The 2023 Dance Teacher Awards will take place on Thursday, August 10 at the Sheen Center for Thought & Culture in New York City, and you’re invited! Click here to buy tickets.

When she was young, Hilary Cartwright never envisioned becoming an educator. “I was one of the most impatient dancers,” she recalls. “I always wanted things to be happening now. I thought I’d make a useless teacher!” But after an injury cut short her performing career, Cartwright was asked to step into a teaching position—and found a new passion and purpose. “My first students were actors and dancers, and some had never taken a ballet class,” she says. “They’d ask, ‘What’s that step for?’ and I had to think, What is it for? Is it worth doing? This formed my philosophy of how I teach. It’s always a conversation. Don’t just accept what I say. If you’re not sure, ask me why.”

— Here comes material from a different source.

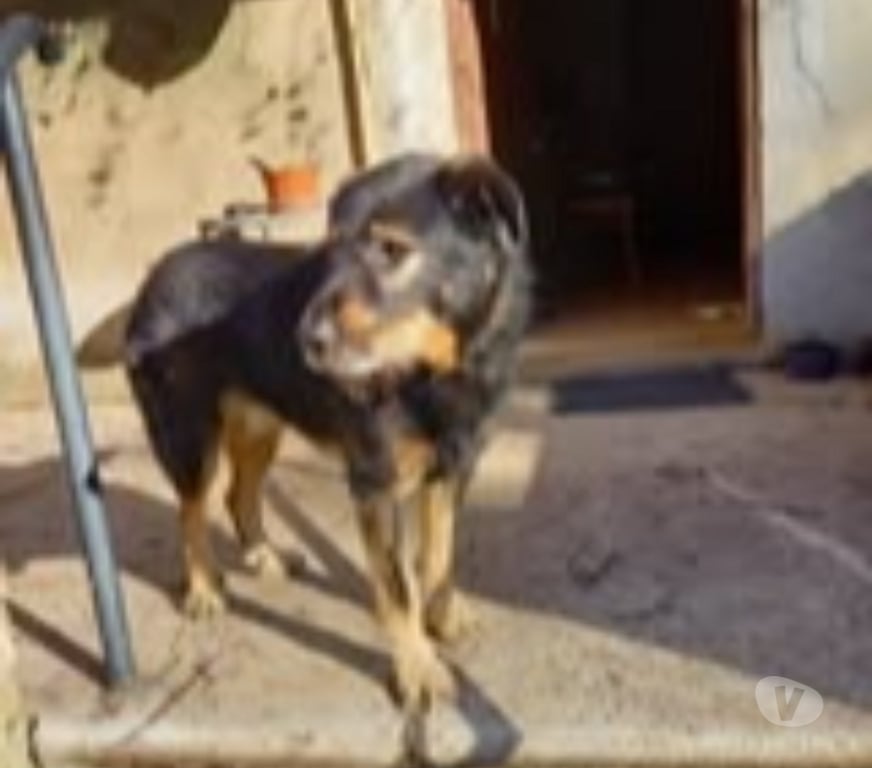 Don animaux Drôme Divajeu - 26400 - Photos Vivastreet Chien NERON à l adoption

As a child in England, Cartwright trained in ballet, modern dance, music, and acting before being accepted into The Royal Ballet School on scholarship at 17. She joined The Royal Ballet two years later and rose through the ranks to soloist. Unfortunately, a few years into her tenure, she took a bad fall onstage, and an undiagnosed slipped disc led to her retirement. At first, Cartwright stayed connected to the dance world through writing. She published a series of articles in The Dancing Times, followed by a book for an educational publisher. Those works earned her an invitation to teach for the English National Opera, which led to teaching freelance classes, which resulted in her return to The Royal Ballet as a company teacher and répétiteur.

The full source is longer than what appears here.